Bower’s latest serialisation presents the Sentebale dispute as proof that Prince Harry lost control, misread the situation and picked a fight he could not win. That is the drama he wants to sell. Yet the version he presents closely mirrors the narrative promoted by current chairwoman Sophie Chandauka rather than the wider record of events.

Even Bower’s own excerpt admits that the charity’s problems long predated the current conflict. He writes that:

“Employees… presented a petition criticising their pay and conditions, and questioning the directors’ use of the charity’s funds.”

The reality is more complicated than the morality play being pushed. When Prince Harry and Prince Seeiso stepped away from Sentebale in March 2025, they did so alongside the entire board of trustees, who said their relationship with Chandauka had “broken down beyond repair.

Serious concerns had already emerged. Reports in The Times and the Daily Mail said trustees were alarmed after Chandauka allegedly requested around $3,000 (£2,200) per day for her role despite the chairmanship traditionally being unpaid. Trustees also raised questions about a consultancy bill reportedly worth about £427,000 and whether some consultants had personal or professional links to Chandauka. At the same time, efforts to replace lost donors struggled, leaving the charity under growing financial strain.

By September 2025, Sentebale’s 2024 accounts were filed late. When they were finally released, they described a charity under pressure, with reserves falling and polo fundraising expected to decline following Harry’s departure.

None of that fits the neat narrative Bower prefers. Instead, his coverage circles back to the same talking point: Meghan. Echoing claims repeated in Chandauka’s media interviews, Bower writes that donors allegedly did not want to be associated “especially not with Meghan.”

The claim lands almost too neatly. A messy governance dispute becomes another anti-Sussex storyline built on Sophie Chandauka’s claim that a “brand audit” showed donors wary of Harry’s Netflix projects. This is the same Chandauka who appeared on camera in a Hello! interview speaking positively about Netflix. After her falling-out with Harry and the trustees, however, her tone began to sound remarkably similar to the British media’s long-running complaints about the Sussexes and their media deals.

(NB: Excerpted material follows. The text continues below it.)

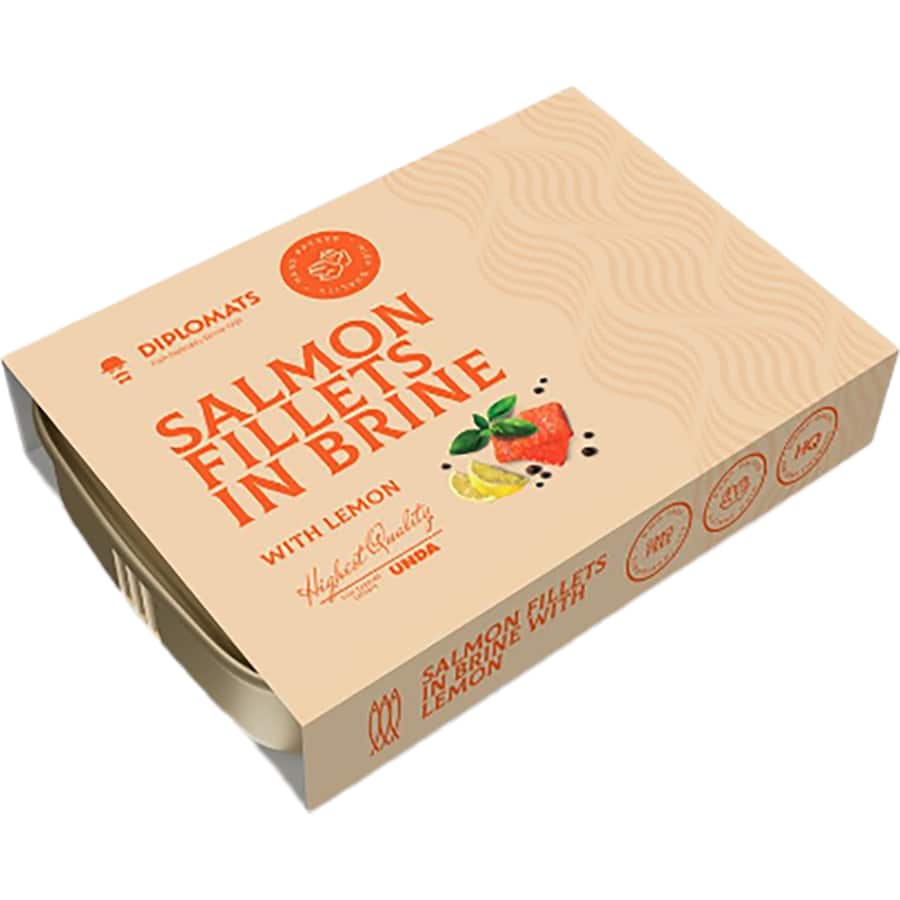 Diplomats Salmon Fillets In Brine With Lemon Tin 140g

Bower claims Sentebale wanted distance from Netflix, yet Sophie Chandauka said the opposite in a recent Hello! interview.

A Failed Chairwoman Becomes Bower’s Convenient Witness

What stands out in Bower’s account is not some brave reformer exposing uncomfortable truths. It is how conveniently Sophie Chandauka’s talking points appear just when he needs them.

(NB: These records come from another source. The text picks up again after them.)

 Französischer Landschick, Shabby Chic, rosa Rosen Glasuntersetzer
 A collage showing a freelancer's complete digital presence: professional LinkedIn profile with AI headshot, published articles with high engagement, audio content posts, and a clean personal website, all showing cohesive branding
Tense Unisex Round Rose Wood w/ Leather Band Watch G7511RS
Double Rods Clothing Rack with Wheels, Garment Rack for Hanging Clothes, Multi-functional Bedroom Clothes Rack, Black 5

For years, Bower has had a credibility problem. His anti-Sussex fixation has grown so obvious that even sympathetic audiences struggle to take his “investigations” seriously. But along comes a charity chair whose tenure has been defined by board resignations, donor anxiety and public infighting, and suddenly Bower has exactly the witness he needs.

This is the trick. Bower can recycle the same old Sussex hostility while hiding behind Chandauka’s complaints. Instead of sounding like the man who once declared the monarchy must “obliterate” Harry and Meghan, he can claim he is simply quoting an insider.

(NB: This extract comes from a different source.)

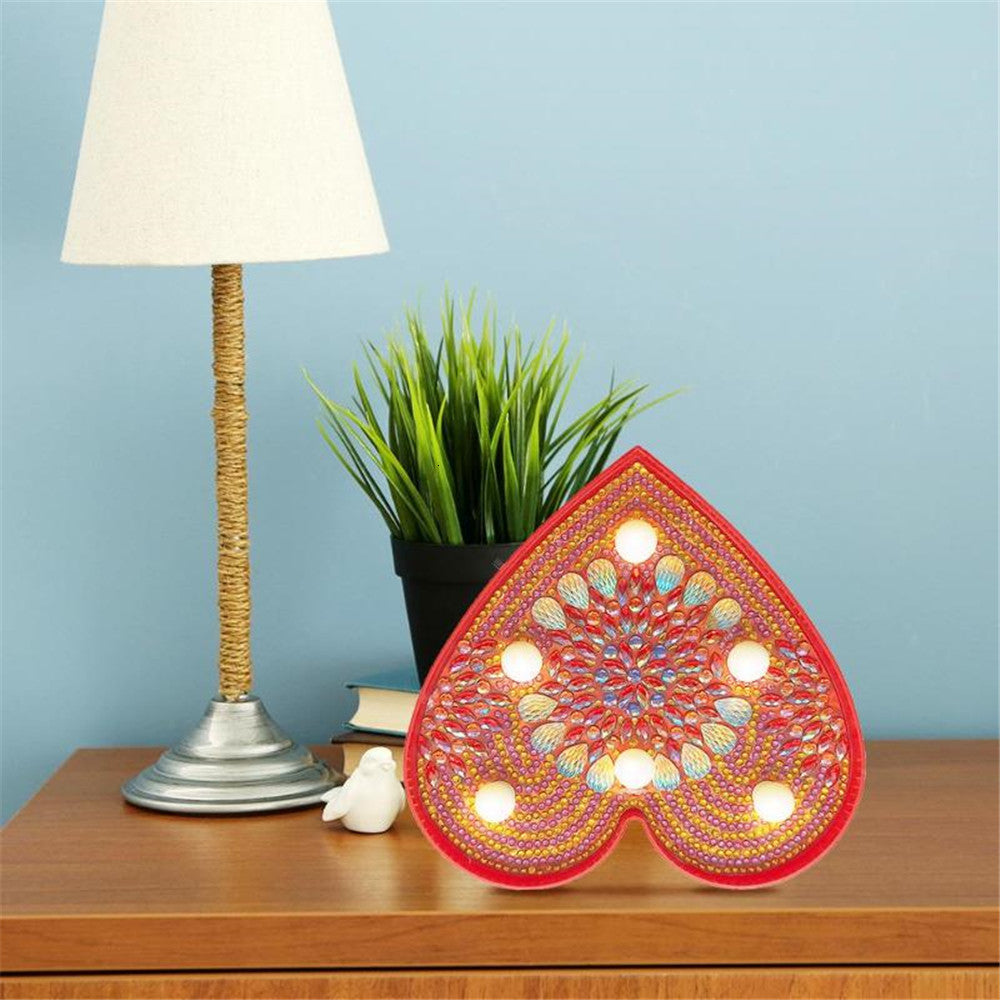 "LED Lamp Light Heart Shiny Drops" Diamond Painting Kit (Full Drill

It is narrative laundering. Chandauka, after all, is not some neutral whistleblower. She is a volunteer chair who presided over a spectacular collapse in trust inside the organisation she was meant to steward. Trustees walked away. Founders walked away. Donors grew nervous. The charity’s public reputation deteriorated into a rolling PR brawl.

And yet, somehow, the problem is still Harry and Meghan. That is why Bower’s reliance on her claims feels so convenient. A failing chairwoman eager to deflect blame meets a biographer eager to blame the Sussexes for everything. Each provides exactly what the other needs.

The result is predictable. A messy governance fight inside a struggling charity becomes another morality play about the Sussexes. For Bower, that is not journalism. It is simply the next instalment of a very old obsession.

Royalists still reserve their deepest fury for Harry and Meghan

This is the part that should not be ignored. There is something deeply warped about a royal media culture that has endless rage for Harry and Meghan Sussex while showing far less moral urgency about the family’s actual scandals.

Prince Andrew’s disgrace is a rotting wound on the royal family that shows no sign of closing. His association with Jeffrey Epstein is a reputational catastrophe that continues to ensnare the other “working” royals. The wider questions around who knew what, who enabled what, and who protected what still hang over the monarchy like the sword of Damocles. The endless murk around royal money, access, donors, influence and backroom privilege is not invented. Those are the issues that go to the heart of institutional decay.

And yet Bower argues that the monarchy depends on “obliterating” the Sussexes. The language is strikingly extreme. He is not talking about distancing, disagreement or even simple indifference. He is talking about obliteration.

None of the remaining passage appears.